Predicting the Origin of Wine with Random Forest Classifers
Wine fraud is a multibillion-dollar industry, with a single bottle of fake wine costing up to millions of dollars. We aim to use a dataset containing properties of legitimate wine, which can be used to predict the region of origin of the wine, and thereby test the authenticity of wine by the region it claims to originate from. To select the best classification model, we compared the accuracy score of 4 classifiers: Random Forest, Logistic regression, K nearest neighbors, and Support Vector machines. With feature importance obtained from random forest, we showed that just 4 features of the 13 presented in the dataset - Proline, Color Intensity, Flavanoid and Alcohol content of the wine - were sufficient to train the classifiers to obtain the accuracy score of 1.0.
While the classification is performed on a small dataset with wine originating from 3 regions, the success of the Random Forest model presents an exciting opportunity to expand the wine dataset using just the main 4 features to define wine properties, which can save cost and time compared to extracting 13 features. Furthermore, in testing for authenticity of wine, just a small sample of the expensive wine needs to be extracted to test for the 4 features.
Dataset
The data set we are using was found on the UCI Machine Learning Repository containing 13 features to describe the wine with only 178 data points. These data points were found via a chemical analysis of wines grown in the same region of Italy but from three different cultivars. These are going to be referred to as ‘Region 1’,’Region 2’ and ‘Region 3’. When I analyzed it with Principal Component analysis, it was found that most variance was explained by ‘Alcohol’ and ‘Malic Acid’ features, which account for 55% of total variance. The explained features are listed in the top image of Figure 1. Applying PCA on the entire dataset, the first two principal components are visualized in the bottom image in the figure below. The results of the top table show the variance of each feature with the total sum of explained variance. The bottom plot shows the wine dataset plotted with two principle components.
Methods
Four key methods were tested to analyze the data set.

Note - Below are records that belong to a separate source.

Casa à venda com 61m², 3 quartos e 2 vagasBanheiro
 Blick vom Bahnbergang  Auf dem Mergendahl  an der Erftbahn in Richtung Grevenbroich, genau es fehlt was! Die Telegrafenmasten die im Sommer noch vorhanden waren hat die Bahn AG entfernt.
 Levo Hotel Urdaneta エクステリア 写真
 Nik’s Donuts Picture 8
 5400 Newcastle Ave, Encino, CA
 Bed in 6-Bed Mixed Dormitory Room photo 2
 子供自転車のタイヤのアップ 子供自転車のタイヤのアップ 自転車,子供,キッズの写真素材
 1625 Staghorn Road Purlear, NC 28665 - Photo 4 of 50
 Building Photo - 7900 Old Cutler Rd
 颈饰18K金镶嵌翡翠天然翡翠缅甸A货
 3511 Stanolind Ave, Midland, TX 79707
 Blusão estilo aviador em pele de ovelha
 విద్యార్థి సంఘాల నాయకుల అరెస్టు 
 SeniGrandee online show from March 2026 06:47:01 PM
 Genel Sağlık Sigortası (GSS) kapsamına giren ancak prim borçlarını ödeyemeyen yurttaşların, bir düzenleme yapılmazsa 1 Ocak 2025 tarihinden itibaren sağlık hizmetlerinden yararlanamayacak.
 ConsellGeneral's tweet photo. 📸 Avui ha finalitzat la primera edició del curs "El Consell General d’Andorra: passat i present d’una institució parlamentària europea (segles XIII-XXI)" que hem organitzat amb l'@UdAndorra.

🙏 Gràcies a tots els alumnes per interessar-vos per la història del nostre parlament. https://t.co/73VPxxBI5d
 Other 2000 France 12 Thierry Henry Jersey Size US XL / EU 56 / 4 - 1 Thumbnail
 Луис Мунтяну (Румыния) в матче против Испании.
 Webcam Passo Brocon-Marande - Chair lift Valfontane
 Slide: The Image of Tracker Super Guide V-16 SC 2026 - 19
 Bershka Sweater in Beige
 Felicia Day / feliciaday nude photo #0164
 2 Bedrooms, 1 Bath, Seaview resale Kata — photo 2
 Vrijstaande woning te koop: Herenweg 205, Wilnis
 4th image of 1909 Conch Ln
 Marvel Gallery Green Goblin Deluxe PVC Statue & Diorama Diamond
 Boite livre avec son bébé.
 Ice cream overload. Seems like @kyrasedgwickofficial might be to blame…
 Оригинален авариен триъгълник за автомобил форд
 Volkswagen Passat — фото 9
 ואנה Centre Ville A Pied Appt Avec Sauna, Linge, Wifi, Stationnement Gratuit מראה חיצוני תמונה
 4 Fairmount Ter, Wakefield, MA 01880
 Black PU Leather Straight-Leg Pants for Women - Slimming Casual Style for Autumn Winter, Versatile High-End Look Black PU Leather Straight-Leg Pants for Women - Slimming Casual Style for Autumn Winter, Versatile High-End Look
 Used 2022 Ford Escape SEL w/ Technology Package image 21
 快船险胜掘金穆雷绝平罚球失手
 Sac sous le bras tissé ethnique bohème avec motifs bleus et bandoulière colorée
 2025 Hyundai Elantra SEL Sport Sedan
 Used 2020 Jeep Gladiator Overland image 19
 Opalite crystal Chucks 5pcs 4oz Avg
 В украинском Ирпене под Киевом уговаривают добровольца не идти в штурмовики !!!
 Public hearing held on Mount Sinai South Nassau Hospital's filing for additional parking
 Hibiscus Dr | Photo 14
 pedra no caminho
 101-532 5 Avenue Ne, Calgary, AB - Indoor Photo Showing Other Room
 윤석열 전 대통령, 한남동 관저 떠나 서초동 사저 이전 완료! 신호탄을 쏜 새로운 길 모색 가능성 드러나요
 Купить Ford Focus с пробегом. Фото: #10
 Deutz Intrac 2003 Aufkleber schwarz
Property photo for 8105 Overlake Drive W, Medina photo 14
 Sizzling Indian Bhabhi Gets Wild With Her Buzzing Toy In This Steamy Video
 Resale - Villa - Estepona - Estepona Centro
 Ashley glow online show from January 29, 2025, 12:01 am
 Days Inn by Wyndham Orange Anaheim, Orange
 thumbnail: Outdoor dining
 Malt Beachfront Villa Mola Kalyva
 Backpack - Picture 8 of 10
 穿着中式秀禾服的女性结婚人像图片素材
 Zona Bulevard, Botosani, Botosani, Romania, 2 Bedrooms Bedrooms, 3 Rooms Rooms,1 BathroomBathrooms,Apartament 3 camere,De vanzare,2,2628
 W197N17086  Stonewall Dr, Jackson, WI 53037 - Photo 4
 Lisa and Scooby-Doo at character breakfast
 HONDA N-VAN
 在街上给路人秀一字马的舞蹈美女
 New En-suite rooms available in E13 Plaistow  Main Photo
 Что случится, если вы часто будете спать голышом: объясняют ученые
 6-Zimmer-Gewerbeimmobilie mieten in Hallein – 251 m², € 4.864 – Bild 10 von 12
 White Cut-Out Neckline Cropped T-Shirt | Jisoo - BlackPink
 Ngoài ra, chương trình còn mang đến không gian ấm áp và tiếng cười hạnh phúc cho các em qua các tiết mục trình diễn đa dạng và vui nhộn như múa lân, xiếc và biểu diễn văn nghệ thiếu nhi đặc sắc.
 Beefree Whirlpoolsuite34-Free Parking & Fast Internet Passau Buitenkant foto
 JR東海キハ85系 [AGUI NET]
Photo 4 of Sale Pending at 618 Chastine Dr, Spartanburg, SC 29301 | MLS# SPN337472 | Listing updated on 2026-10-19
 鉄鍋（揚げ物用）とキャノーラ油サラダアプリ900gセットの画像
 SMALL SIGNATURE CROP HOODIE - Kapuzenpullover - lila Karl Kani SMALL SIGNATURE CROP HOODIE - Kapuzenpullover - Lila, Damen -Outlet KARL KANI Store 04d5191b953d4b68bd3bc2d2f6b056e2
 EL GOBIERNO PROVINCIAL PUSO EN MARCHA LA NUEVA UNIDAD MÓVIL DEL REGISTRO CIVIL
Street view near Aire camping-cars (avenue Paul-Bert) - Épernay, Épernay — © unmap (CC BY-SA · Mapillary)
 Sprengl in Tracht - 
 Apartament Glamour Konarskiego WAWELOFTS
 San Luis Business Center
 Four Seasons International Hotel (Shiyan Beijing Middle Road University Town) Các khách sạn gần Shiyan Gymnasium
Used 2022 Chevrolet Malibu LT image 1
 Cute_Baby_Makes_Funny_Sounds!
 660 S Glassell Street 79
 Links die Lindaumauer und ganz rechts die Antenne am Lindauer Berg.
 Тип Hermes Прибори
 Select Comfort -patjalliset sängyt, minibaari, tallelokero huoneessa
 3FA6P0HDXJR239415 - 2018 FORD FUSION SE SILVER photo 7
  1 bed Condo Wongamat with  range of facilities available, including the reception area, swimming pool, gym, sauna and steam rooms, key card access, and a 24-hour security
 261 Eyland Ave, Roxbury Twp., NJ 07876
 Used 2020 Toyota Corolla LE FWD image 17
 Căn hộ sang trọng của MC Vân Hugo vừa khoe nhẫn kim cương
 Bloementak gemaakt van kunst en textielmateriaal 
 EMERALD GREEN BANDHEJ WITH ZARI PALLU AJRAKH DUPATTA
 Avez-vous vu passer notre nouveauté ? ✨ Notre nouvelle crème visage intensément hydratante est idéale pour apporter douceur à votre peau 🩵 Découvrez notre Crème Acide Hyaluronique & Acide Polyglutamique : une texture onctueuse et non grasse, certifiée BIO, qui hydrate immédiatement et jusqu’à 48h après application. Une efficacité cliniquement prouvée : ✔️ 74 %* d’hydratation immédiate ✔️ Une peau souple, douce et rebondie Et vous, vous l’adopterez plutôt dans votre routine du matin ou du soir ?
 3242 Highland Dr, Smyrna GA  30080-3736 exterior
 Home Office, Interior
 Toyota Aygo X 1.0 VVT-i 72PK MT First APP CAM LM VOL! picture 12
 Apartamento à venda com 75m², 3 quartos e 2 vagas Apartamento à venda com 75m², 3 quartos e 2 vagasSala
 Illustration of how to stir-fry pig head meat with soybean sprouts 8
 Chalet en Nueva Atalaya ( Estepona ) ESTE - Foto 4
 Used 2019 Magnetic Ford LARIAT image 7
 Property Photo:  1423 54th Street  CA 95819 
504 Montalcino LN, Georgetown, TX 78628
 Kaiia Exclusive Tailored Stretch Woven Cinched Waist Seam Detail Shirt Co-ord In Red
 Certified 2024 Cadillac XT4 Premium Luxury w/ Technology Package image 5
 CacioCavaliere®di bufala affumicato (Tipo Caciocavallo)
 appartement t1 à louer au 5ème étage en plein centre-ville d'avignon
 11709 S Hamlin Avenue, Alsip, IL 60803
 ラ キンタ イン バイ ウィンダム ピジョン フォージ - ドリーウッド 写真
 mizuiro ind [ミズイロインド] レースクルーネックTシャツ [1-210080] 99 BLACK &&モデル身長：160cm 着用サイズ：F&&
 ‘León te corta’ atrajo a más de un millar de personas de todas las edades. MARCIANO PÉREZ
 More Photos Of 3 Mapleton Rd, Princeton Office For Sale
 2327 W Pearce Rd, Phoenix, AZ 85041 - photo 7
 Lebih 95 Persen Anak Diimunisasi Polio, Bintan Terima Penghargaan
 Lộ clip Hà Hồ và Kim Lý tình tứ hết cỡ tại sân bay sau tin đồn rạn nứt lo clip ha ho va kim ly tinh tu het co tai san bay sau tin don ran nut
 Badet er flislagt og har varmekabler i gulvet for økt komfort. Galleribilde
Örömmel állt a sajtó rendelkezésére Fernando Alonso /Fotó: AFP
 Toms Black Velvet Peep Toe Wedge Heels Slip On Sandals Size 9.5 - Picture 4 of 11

Random Forest - ensemble learning method that reports the mode of the outcome of multiple decision trees performing Classification, where a decision tree for classification is a supervised learning algorithm that repeatedly splits data based on discrete values of different features
K Nearest Neighbors - supervised learning classifier, typically non-parametric, that focuses on using neighboring nodes or proximity to make a prediction in regards to an individual data point
Multiclass Logistic Regression - supervised learning classifier which relies upon softmax activation to learn the weights of features from a training dataset to make predictions
SVM Classification - supervised learning models that are useful for classifying data in a variety of formats
For this, I specifically looked in depth into the K Nearest Neighbors method for analysis.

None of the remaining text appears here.